ASSIGNMENT: Copy each line below as written, but skip the pictures.

DATA SECTION:

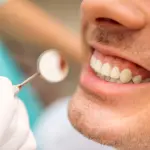 La pulizia dei denti è sempre fondamentale: ecco perché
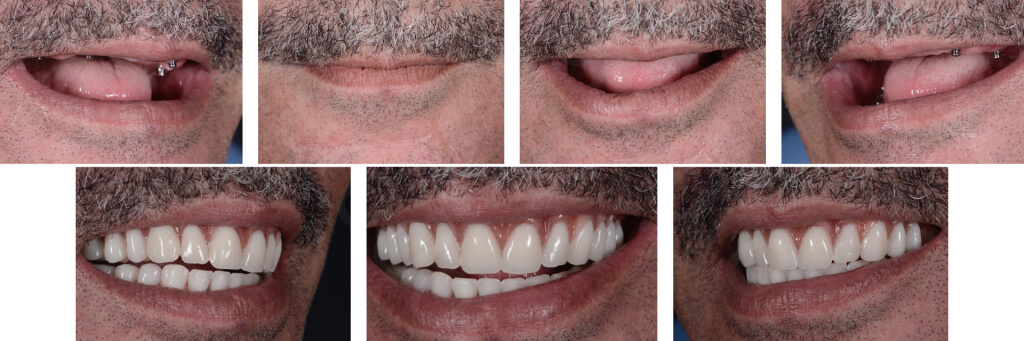 Implant retained Overdentures.037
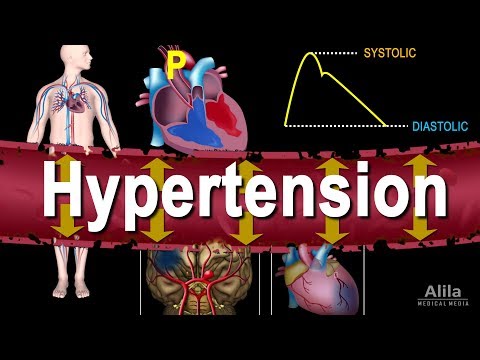 Video: Hypertension And Hypertension: Differences, What Is The Difference, What Stages, Video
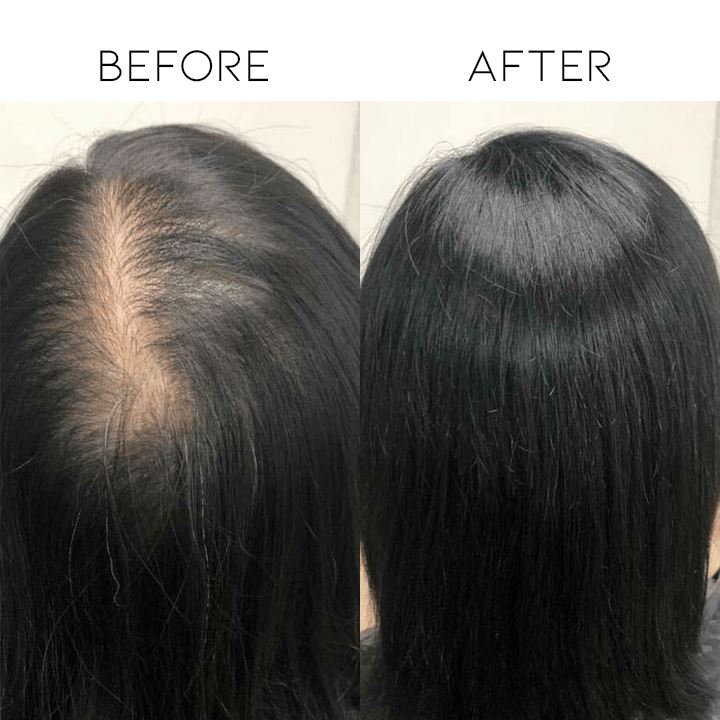 Natural Clip-In Hair Topper Morning Shades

RESPONSE:
 La pulizia dei denti è sempre fondamentale: ecco perché
 Implant retained Overdentures.037
 Video: Hypertension And Hypertension: Differences, What Is The Difference, What Stages, Video
 Natural Clip-In Hair Topper Morning Shades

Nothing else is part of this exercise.